Assignment:
In the material below, find the line that contains "190 E Middlefield" and the line that contains "Tadjikistan-J05-2012-07-26-005-Samarcande.jpg - The", then write out exactly those two lines and everything between them.

Input material:
====

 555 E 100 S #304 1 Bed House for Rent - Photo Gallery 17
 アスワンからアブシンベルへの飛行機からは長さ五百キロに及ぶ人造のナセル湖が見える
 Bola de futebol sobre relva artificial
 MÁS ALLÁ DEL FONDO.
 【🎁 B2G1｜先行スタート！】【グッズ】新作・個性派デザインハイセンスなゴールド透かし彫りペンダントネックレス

====

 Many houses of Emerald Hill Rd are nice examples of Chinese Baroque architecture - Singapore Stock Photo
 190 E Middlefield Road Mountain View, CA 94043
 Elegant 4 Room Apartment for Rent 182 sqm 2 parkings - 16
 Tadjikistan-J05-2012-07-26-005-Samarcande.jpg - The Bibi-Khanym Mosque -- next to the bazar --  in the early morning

====

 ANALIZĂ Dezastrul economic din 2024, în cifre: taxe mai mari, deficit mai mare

====

Expected answer:
 190 E Middlefield Road Mountain View, CA 94043
 Elegant 4 Room Apartment for Rent 182 sqm 2 parkings - 16
 Tadjikistan-J05-2012-07-26-005-Samarcande.jpg - The Bibi-Khanym Mosque -- next to the bazar --  in the early morning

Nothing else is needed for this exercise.